İhtisaslaşmış mahkemeler olmasını istiyorsunuz. Bu mahkemelerin çocuklar için ne yararı olacak?
Biz istismara maruz kalmış çocuklar için ihtisas mahkemeleri kurulmasını öneriyor ve önemsiyoruz. Bu çocuklar uyuşturucu ve cinayet evraklarıyla birlikte tıpkı yerde oluyorlar. Adliye koridorunda birlikte bekliyorlar. O cüppenin karşısında biz koca koca beşerler titrerken o çocuklar nasıl anlatacaklar yaşadıklarını? Mahkeme salonu bize kocaman gelirken çocuklara stat üzere gözüküyor. Çocuklar için uzmanlaşmış mahkemelerin kurulması çok önemli. İhtisaslaşmış, jandarma ve çocuk şubede kanıtları toplamada birebir terörle uğraştaki üzere takımlar olması gerekiyor.
Çocuklara yönelik istismar artışını neye bağlıyorsunuz?
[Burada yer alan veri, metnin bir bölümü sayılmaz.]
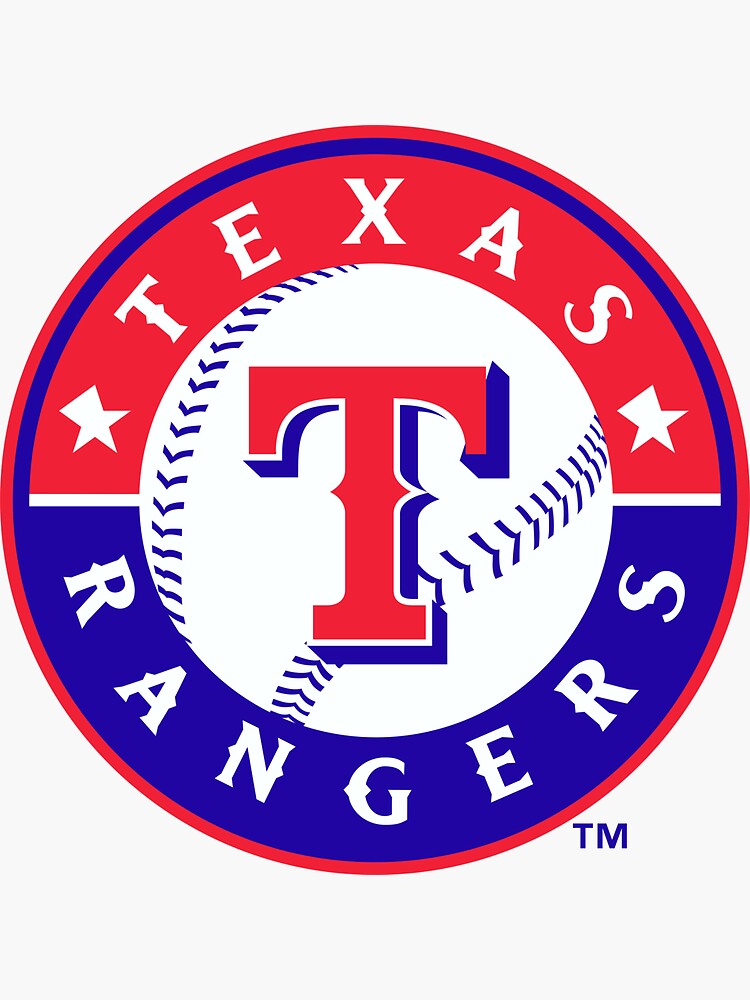 Texas Rangers Throwback Vintage Logo T Shirt Closeout New tags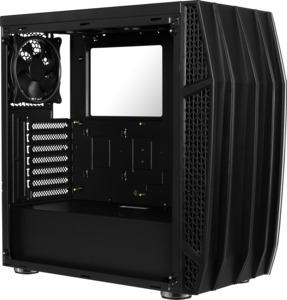 Der neue RGB-Gehäuse-Kader von Aerocool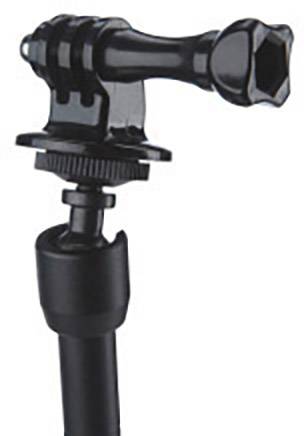 Mantona 21292 Fastener set GoPro, Sony action cams, Actioncams-3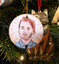 Jesse Trauma Ornament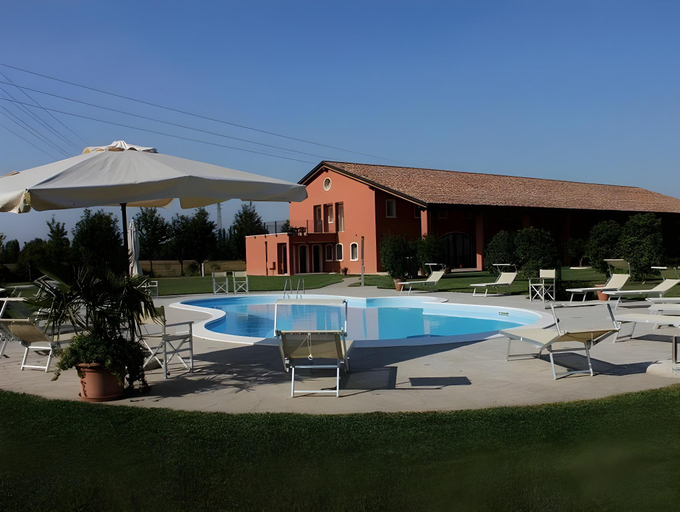 Sport & Beauty 5, Tenuta Monterosso, Padua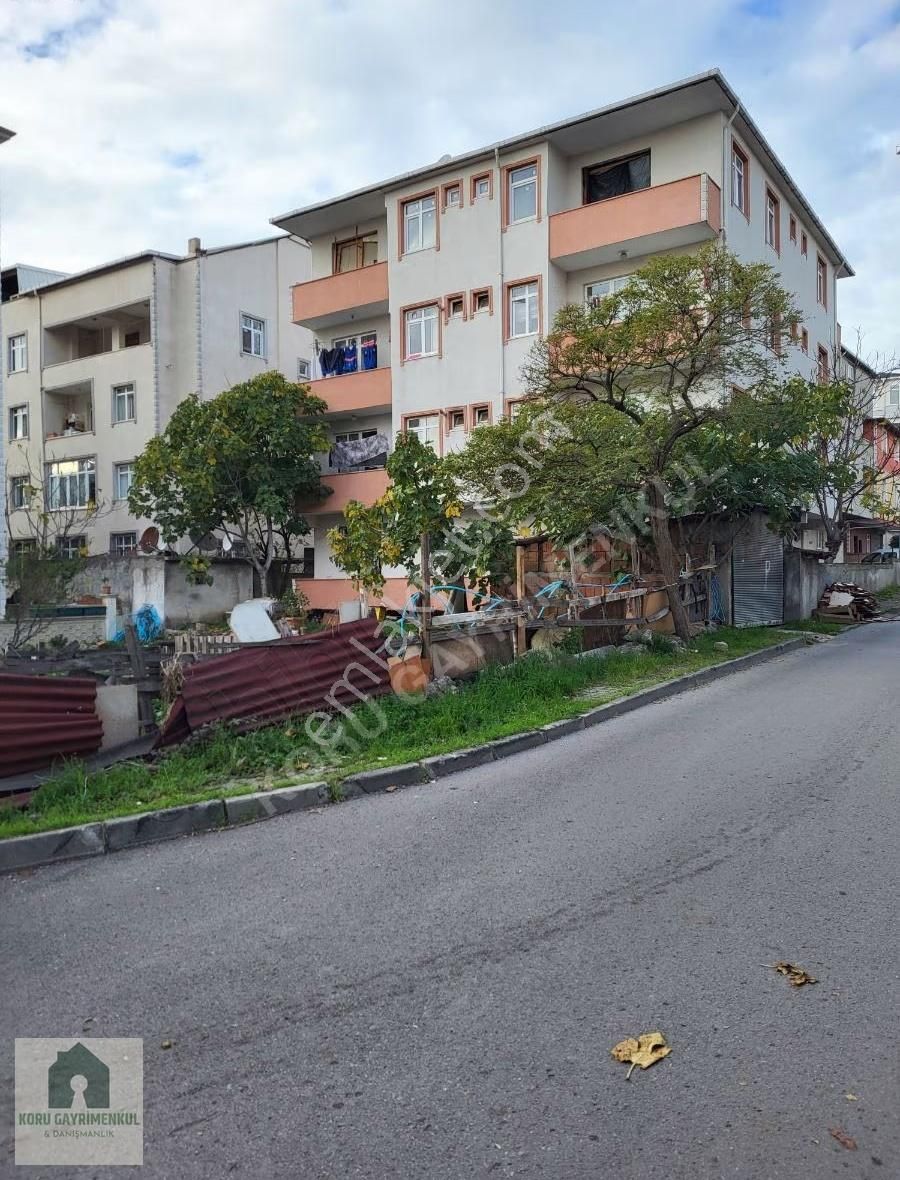 Koru Emlak'tan:4 Daire Lik 3+1 Fırsat Köşe Başında Satılık - Görsel 29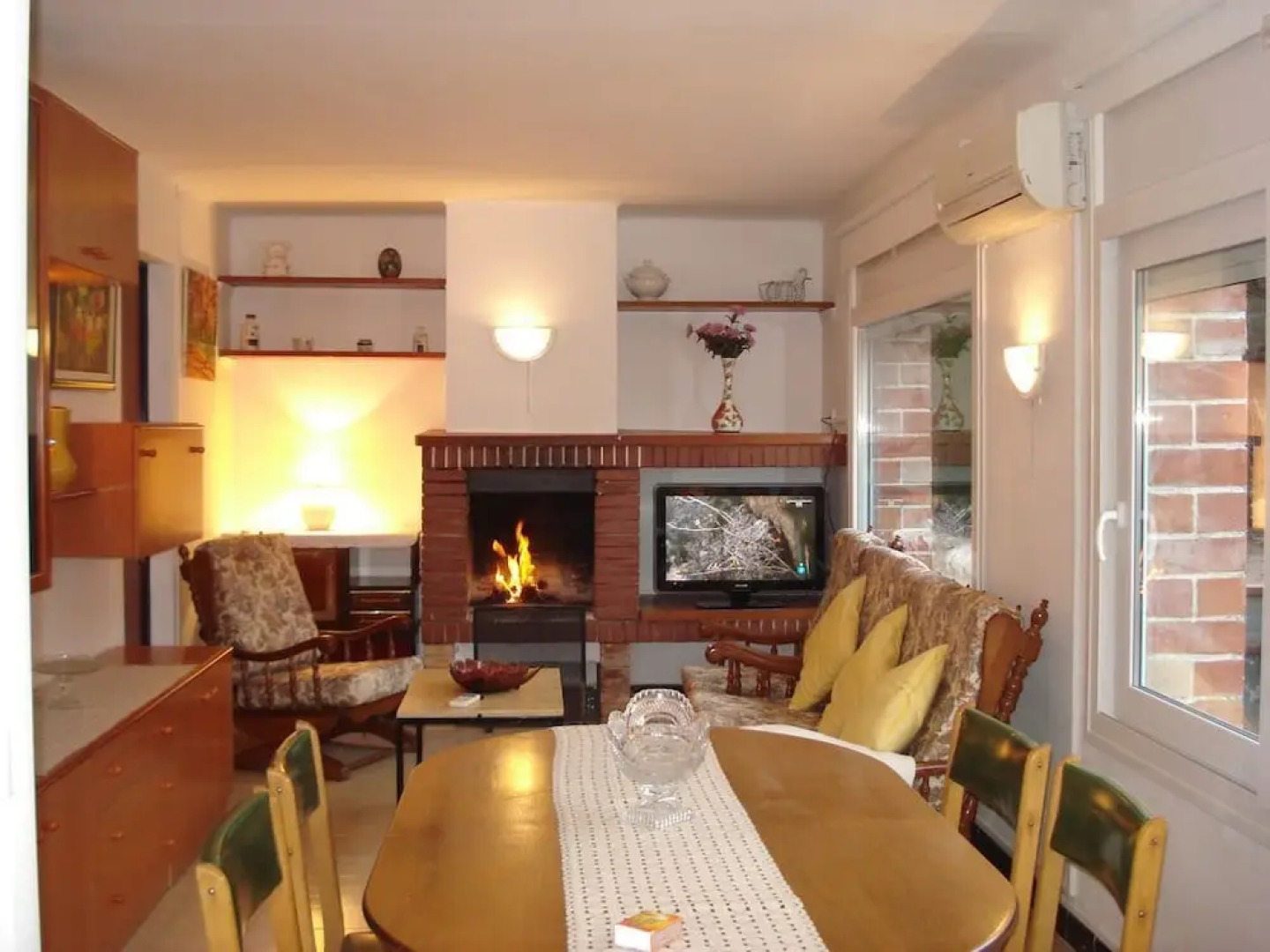 Villa Camelies CasasMontseny Costa Brava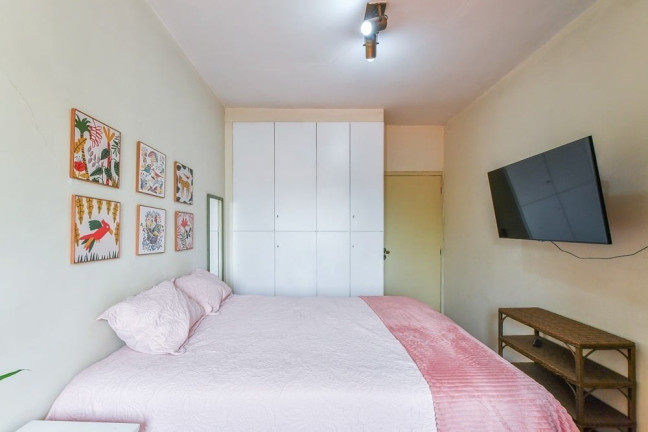 Imagem Casa com 3 Quartos à Venda, 199 m² em Indianópolis - São Paulo Imagem Casa com 3 Quartos à Venda, 199 m² em Indianópolis - São Paulo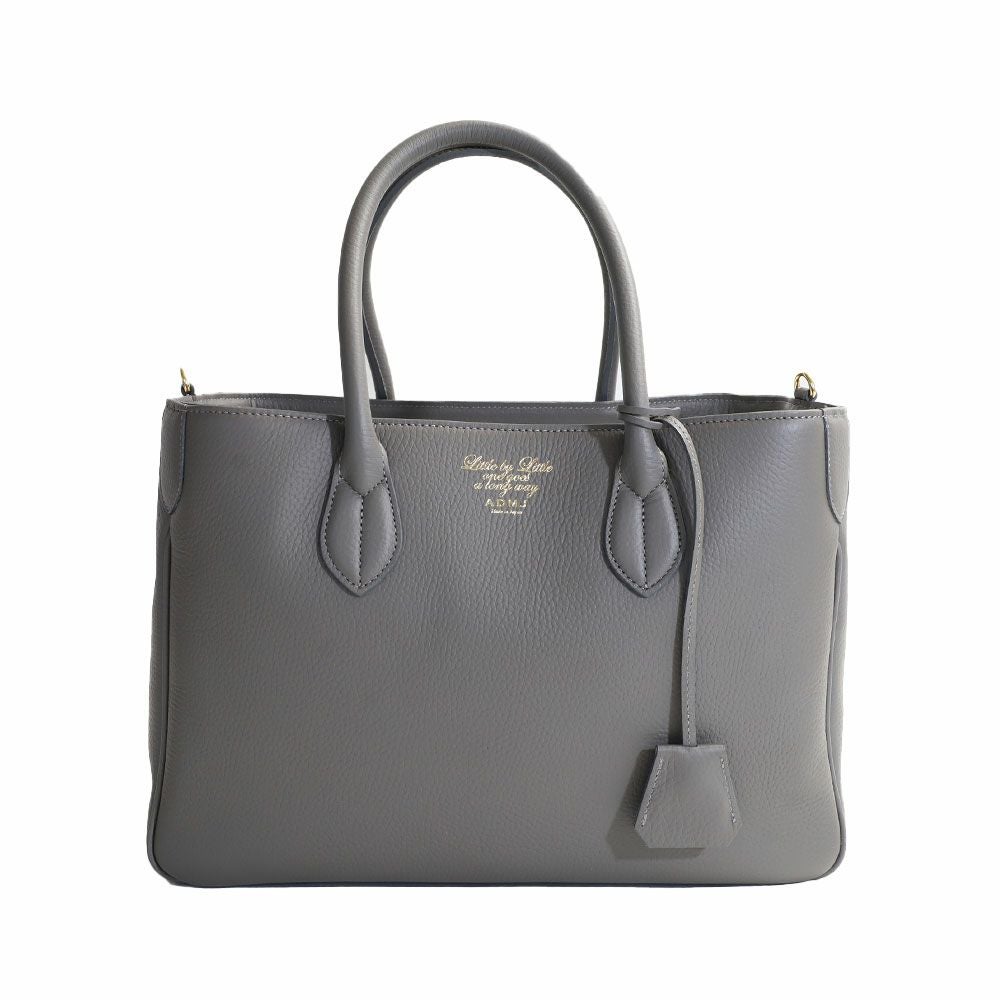 A.D.M.J. トートバッグ | TOZAI NANBOKUYA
Öncelikle 2004’ten sonra doğan Z jenerasyonu toplumsal medyayı kullanıp konuşuyorlar. İstismarcılar ortamızda daima vardı. Şu anki çocuklar farkındalığı artmış çocuklar ve durumu izah ediyorlar. Bu yeni dünyanın çocukları haklarını bilerek geliyor. Bugün Türkiye’nin en ücra köşesinde bile interneti olan çocuk var ve istismar haberini görebiliyor. Diyor ki, “Benim bulunduğum köyde istismarlarda oluyor”. Kimi davalarda aile değil çocuk şikâyetçi oluyor. Artışın nedeni artık çocuklar konuşuyor.